Each spring, MCLA’s Center for Service Learning organizes an Alternative Spring Break , an opportunity for students to leave campus and volunteer for the week. This year, the group is returning to New Orleans. Teddy Bourgeois (’07) joined the group this year and will be sending dispatches back. This is his first report.

Wow. Such a smooth trip down to the Big Easy. We met our contacts from the National Wildlife Federation at the airport and they handed us the keys to our shiny 15 passenger vans.
We first headed to the south shore of Lake Ponchatrain to stretch our legs and soak in the sun. We gazed out over the lake’s 24 mile expanse, trying to squint out a glimpse of the state park across the water where we will be living and working the next week.

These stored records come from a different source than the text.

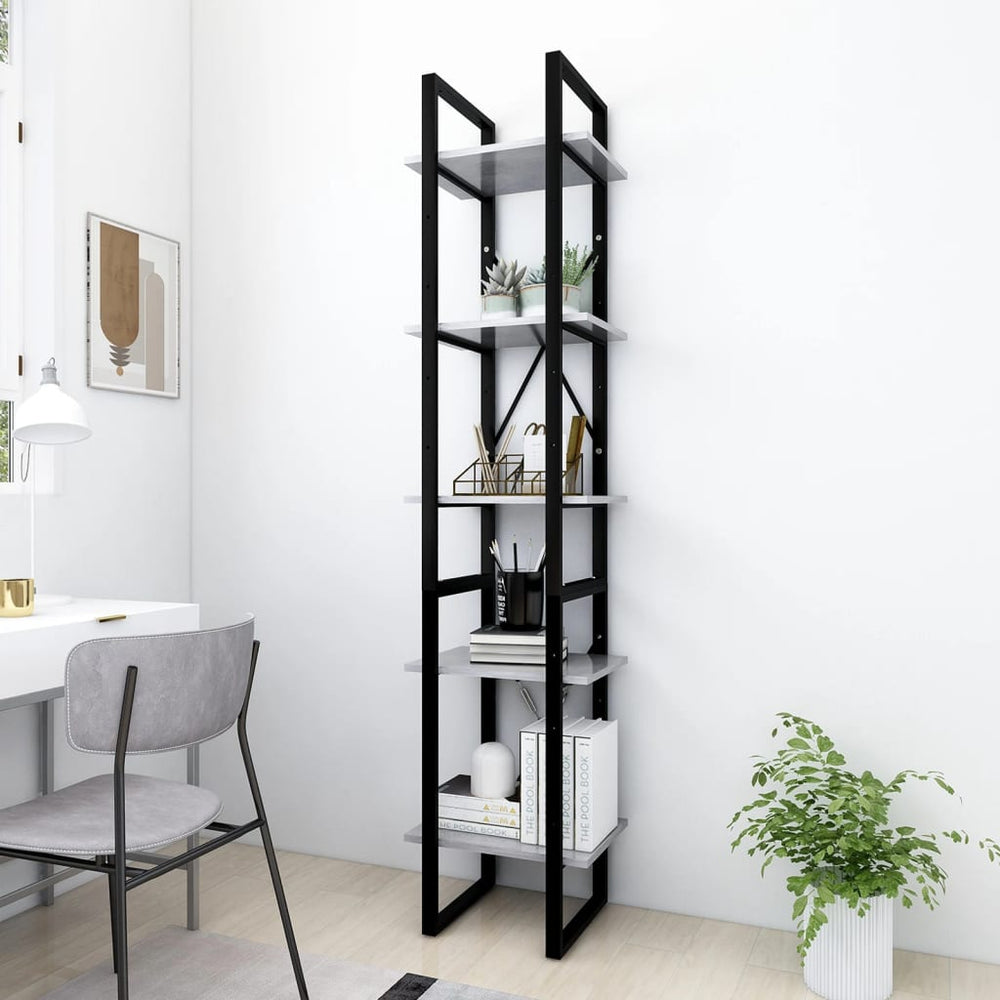 Boekenkast met 5 schappen 40x30x175 cm bewerkt hout betongrijs MeubelReus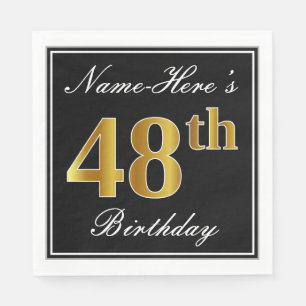 Elegant, Faux Gold 48th Birthday + Custom Name Napkin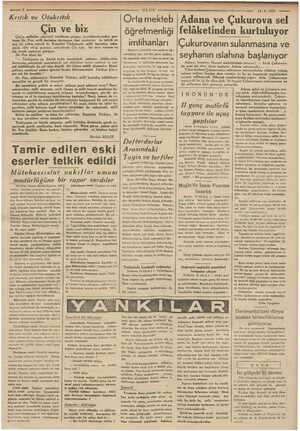    ULUS 14-8.1937 —— 7 Krıtık ve Otokritik Çin ve biz Çin'in çer cemiyeti nezdinde çalışan murahhaslarından pro- fesör La...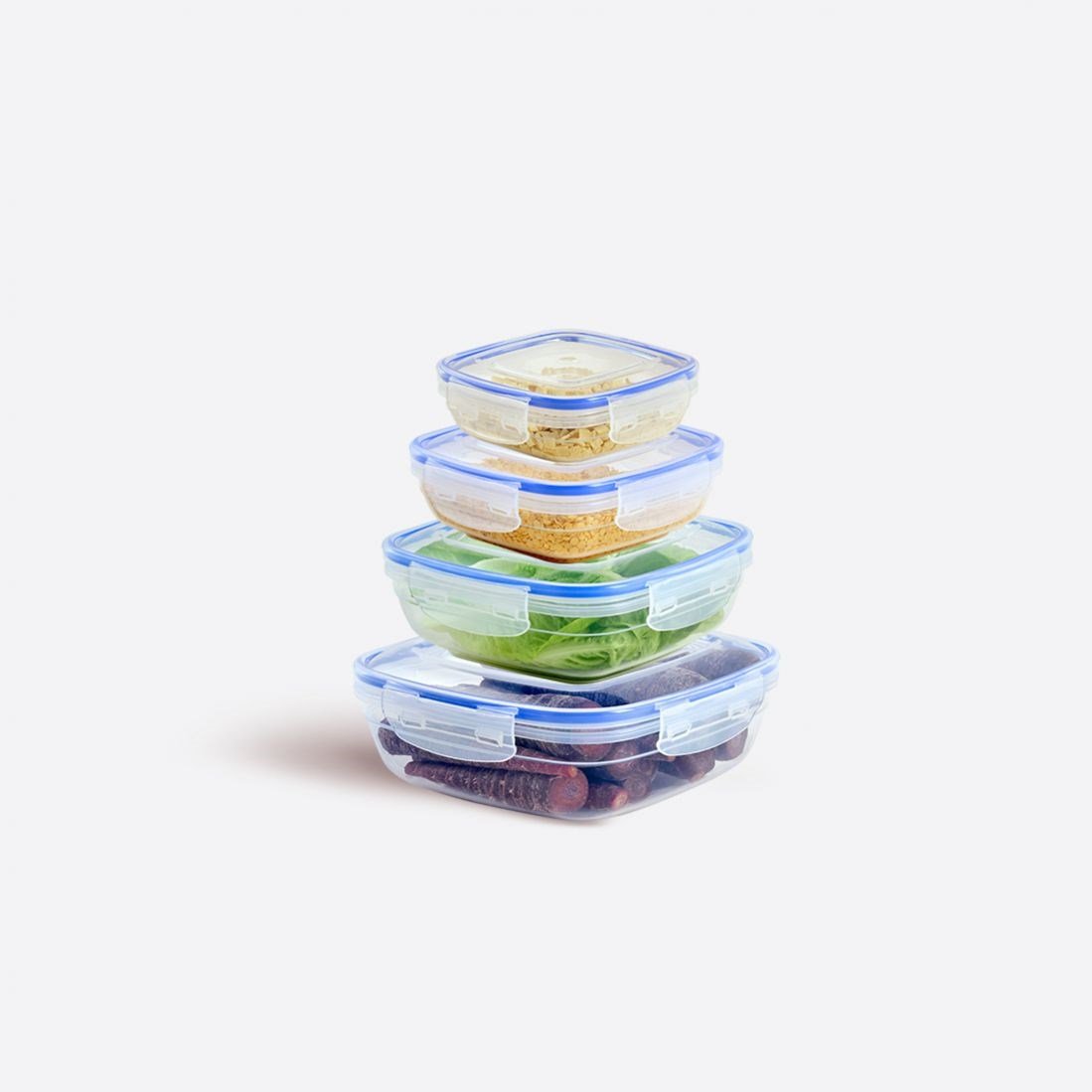 4 Parça Contalı Kare Set (350-600-1025-1700 ml)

We then hopped in the vans and started our tour of some of the still most devastated areas of the city. We started in Lakeview, an really nice neighborhood before the hurricane. It was hard to believe that two years have passed since Katrina hit the gulf.
What struck me the most was how the recovery patterned out around the city. I have expected rebuilt, recovered houses in one corner, with conditions deteriorating as you drive in a certain direction. But the recovery goes house to house and most Lakeview is pockmarked by dilapidation.
You can drive down one street, pass a house with fresh paint, lawn beautifully landscaped, and the next house will be gutted with a FEMA trailer in the front lawn, and the next lot is a concrete slab. It reminds you that there is no large-scale systematic recovery effort. Most of the folks here are picking up there own pieces.
We stopped briefly in the 9th Ward. I sat on the front stoop of house, which was all that was left of it and I wanted to cry. It looked like an air strike had leveled the neighborhood.
We saw a CNN truck and I asked the crew what the story was. Bill Clinton had brought in 600 college students that morning.
“are they still here?” I asked.
“No.”
“they were just here for the day?”
“for the morning.”
Apparently they worked for two hours, had some photos taken, ate a catered lunch and left.
1 response so far ↓
1 richard agbortoko // Mar 23, 2008 at 5:46 pm
that drive to the 9th ward gave me and i think us all a perspective on things; an insight no media outlet can offer. it was eye-watering to see theintensity of the damage and state of New Orleans even over two years after Hurrican katrina.